Het is de bedoeling dat VAD op heel korte termijn zeer concrete aanbevelingen gaat formuleren voor onderbouwde preventie-interventies gericht op specifieke doelgroepen. Dat is dus de selectieve preventie. Het budget voor deze eerste fase is een kleine 115.000 euro.
Vervolgens komt er een tweede fase van het project om cocaïne explicieter mee op te nemen in het preventiebeleid alcohol en drugs. Dus niet meer zo het abstracte woord ‘drugs’, maar echt cocaïne meenemen omdat dit nu absoluut een probleem is. Dit is ook in samenwerking met onder andere een aantal specifieke sectoren: de horeca, het uitgaansleven, hoger onderwijs en werk, collega’s. Uit de eerste verkennende gesprekken met enkele sectoren blijkt nu reeds hoe delicaat het ligt om over cocaïnegebruik te spreken.
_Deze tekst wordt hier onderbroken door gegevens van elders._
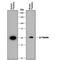 Tubulin beta-1 chain antibody, MAB8527, R&D Systems, Western Blot image 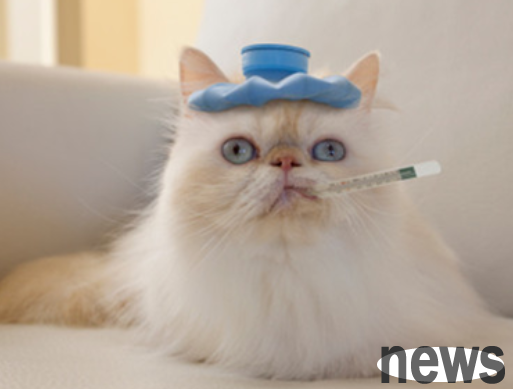 Prevention and treatment of feline viral nasal bronchitis!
Het is van belang om de komende maanden te werken aan het draagvlak binnen die specifieke sectoren om dat niet te verliezen en voldoende vertrouwen te winnen dat VAD een goede organisatie is om daarmee aan de slag te gaan.
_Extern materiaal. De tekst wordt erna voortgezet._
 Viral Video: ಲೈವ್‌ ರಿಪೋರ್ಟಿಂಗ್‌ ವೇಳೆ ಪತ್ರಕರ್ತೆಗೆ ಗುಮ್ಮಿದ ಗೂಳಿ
VAD, de CGG-preventiewerkers (centrum voor geestelijke gezondheidszorg) en de andere organisaties zetten al sterk in op een integrale aanpak binnen de scholen. Er is onder meer een interessant pakket voor leerlingen van het lager secundair onderwijs. Er wordt geluisterd naar jongeren, de sociale vaardigheden worden versterkt en er wordt informatie gegeven.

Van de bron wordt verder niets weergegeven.